How is RJIL’s withdrawal of its promotional offers likely to impact its existing and potential subscriber base? Are the company’s new tariff plans sustainable in the long run?

T.V. Ramachandran

It is axiomatic that the withdrawal of any promotional offer by any operator, new or old, will inevitably have some effect on the retention of subscribers availing of the offer. The same axiom would apply to RJIL, which added 100 million subscribers in 170 business days. Despite discontinuing its initial free offer, RJIL has been able to retain nearly 85 per cent of its subscribers. As many as 83 million customers have signed up for its subscription-based service, JIO Prime. This is highly creditable. With the extension of the subscription deadline for its paid plans to April 15, 2017 and waiver of monthly recharges for three months for those registering within the timeline, the number of subscribers is expected to go up and the 100 million milestone may be crossed again.
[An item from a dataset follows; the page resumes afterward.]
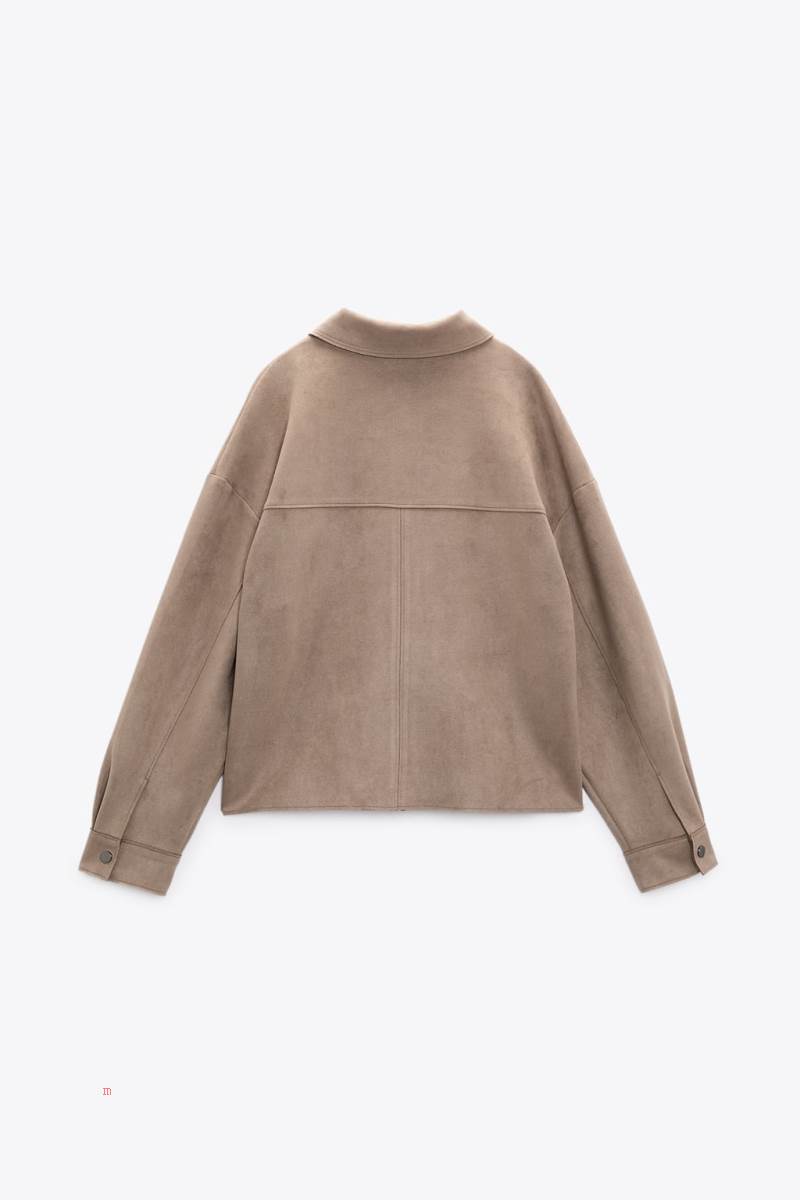 ZARA FAUX SUEDE SHORT Övertröja Dam Grå | WKEAG-6348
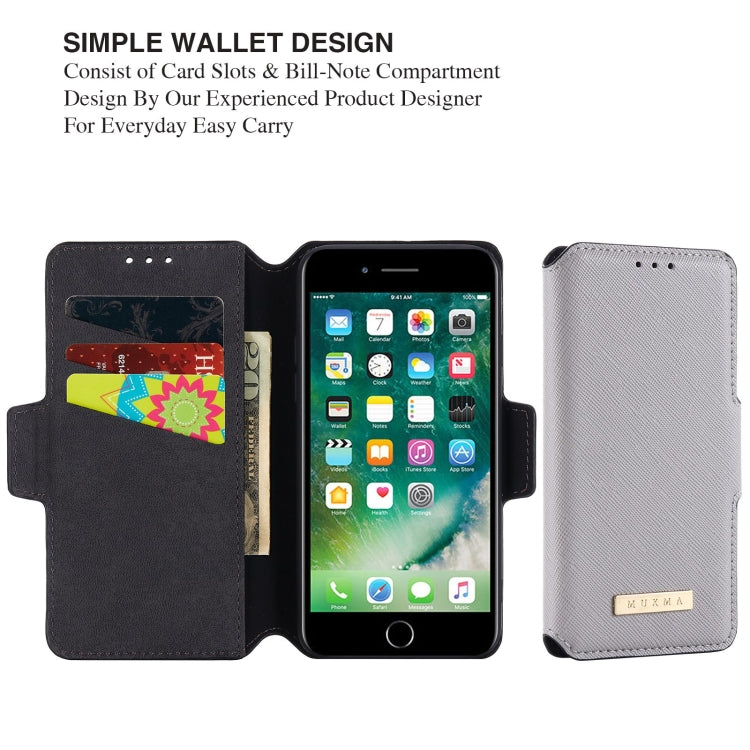 For iPhone SE 2022 / SE 2020 / 8 / 7 MUXMA MX115 Cross Texture Oil Edge Flip Leather Phone Case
The telecom market in India is extremely dynamic and operators have to frequently tune their tariff plans to stay relevant. Thus, the sustainability of any tariff plan is a slightly difficult question to address. With the subscription available for Rs 99 and tariff plans starting from Rs 303, even if one assumes a yield of only 50 per cent on the rack rate, RJIL might still be able to earn an ARPU that either matches or exceeds the industry ARPU of about Rs 130 (as of September 2016). Moreover, being a late entrant, RJIL enjoys the economies due to the low cost of equipment, as prices have come down significantly over the years. It has also incurred lower spectrum costs. In a way, RJIL has the benefit of earning more than the industry average ARPU at less than the industry cost. In the above scenario, there may be no difficulty in the short term. However, in the long run, the sustainability of the tariff plan will depend on various other factors such as how effectively the operator addresses the market and how effectively it creates “customer delight” in a highly competitive market, besides ensuring quality of service (QoS). In mobile communications, the most important aspect of service quality is the ubiquity and quality of signal coverage. Overall sustainability is crucially dependent on these rather than on tariffs alone.

Brijendra K. Syngal

There is a lot of difference in customer perception/behaviour when it comes to choosing between a free service and a paid service. Customers who have had a good experience with a free service may continue once the service becomes paid, but those with a not-so-good experience may not subscribe to the paid service. Also, it must be understood that for most, if not all, RJIL would have been the second or third SIM, not the primary one. Hence, for them to continue, good service quality is necessary. It appears that the quality of voice over long term evolution (VoLTE) has not been that great.

The new tariff plans are not sustainable at all. They should be making a blended ARPU of at least Rs 500 per month for at least 100 million customers to service their debt, unless oil (RJIL’s parent unit’s business) compensates for the revenue loss from free data offers. This can be achieved only by weaning high-end consumers from the competition.

Dr Mahesh Uppal

The withdrawal of promotional offers is likely to hurt RJIL’s subscriber base significantly. However, we should not overestimate this impact. RJIL allowed a large number of people to access data services for the first time and the majority of them are likely to stick with it. Moreover, even after the expiration of free offers, RJIL’s tariffs continue to remain very competitive. It is difficult to say if the operator’s tariff plans are sustainable, but I would not rule it out. Being a new entrant, RJIL has some cost advantages. For instance, unlike most of its competitors, it does not have multiple networks to run. It only has a 4G network, whereas Airtel, for instance, has 2G, 3G and 4G networks. Moreover, RJIL has put in a lot of effort into bundling data with content. If it is able to successfully cross-subsidise data with content, it would make the tariffs sustainable.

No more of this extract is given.